They propose a light, learnable skip connections which learn to select the most discriminative channels and then attend to the most discriminative regions of the selected feature maps. The skip connections output will be a unique feature map which reduces the memory usage, the network parameters to a high extent, and improving the segmentation accuracy. They claim that the proposed skip connections can outperform the traditional heavy skip connections in terms of segmentation accuracy, memory usage, and the number of network parameters.

Segmentation Network

  • 2D/3D U-net
  • 2D/3D V-net
  • The One Hundred Layers Tiramisu (DenseNet)

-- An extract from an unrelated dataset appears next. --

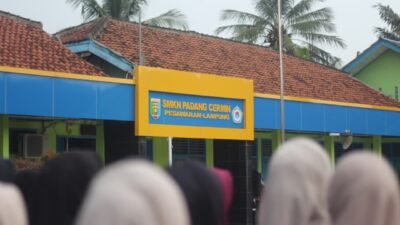 Ada Semangat Literasi pada Peringatan Hari Sumpah Pemuda di SMKN Padang Cermin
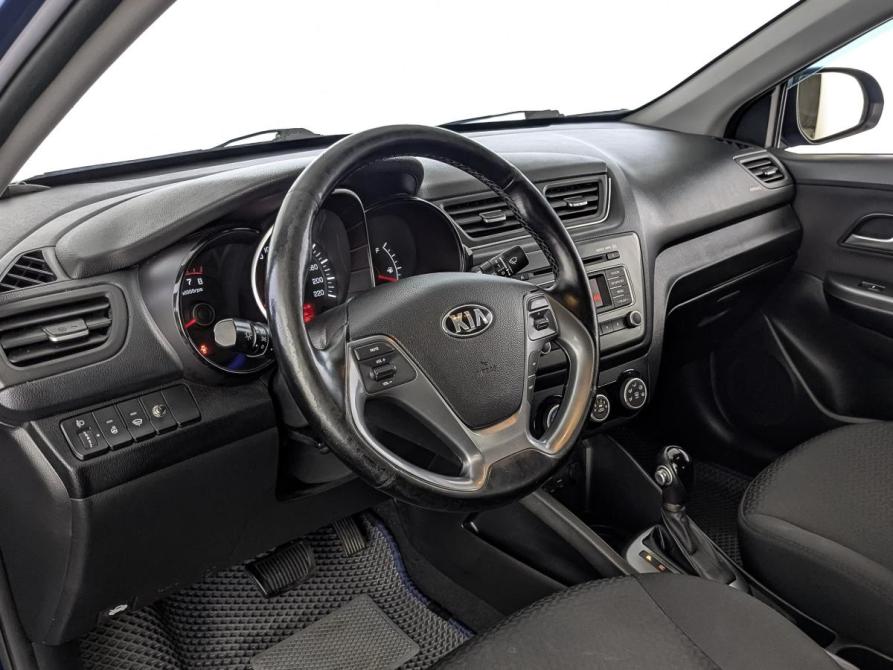 Kia Rio III Рестайлинг Москва  - изображение 15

The Select-Attend-Transfer (SAT) gate

  1. Select: re-weighting the channels of the input, using a learned weight vector with sparsity constraints, only those channels with non-zero weights are selected.
  2. Attend: discovering the most salient spatial locations within the final feature map.

  1. Transfer: transferring the output into layers via a skip connection.


  • original skip connections (ORG)
  • skip connections, transfer only an attention map (AT)
  • skip connections, transfer several soft selected channels (ST)
  • skip connections, transfer only one attention map produced from soft selected channels (SAT)

N is the total number of channels C before skip connection

On the Tiramisu, they reach an improvement of 2% of Dice score for MRI and 3% for the Skin, compare to the original skip connections.

For the parameters, it’s between 7% and 30% of parameters reduction depending on the network.


  • channels selection and attention: fewer feature maps, less memory use, focus on spatial regions in the input.
  • consistent segmentation: segmentation more consistent, smaller std than the original skip connections.
  • SAT in Densely connected network: help preventing gradient vanishing, reduce memory usage in blocks.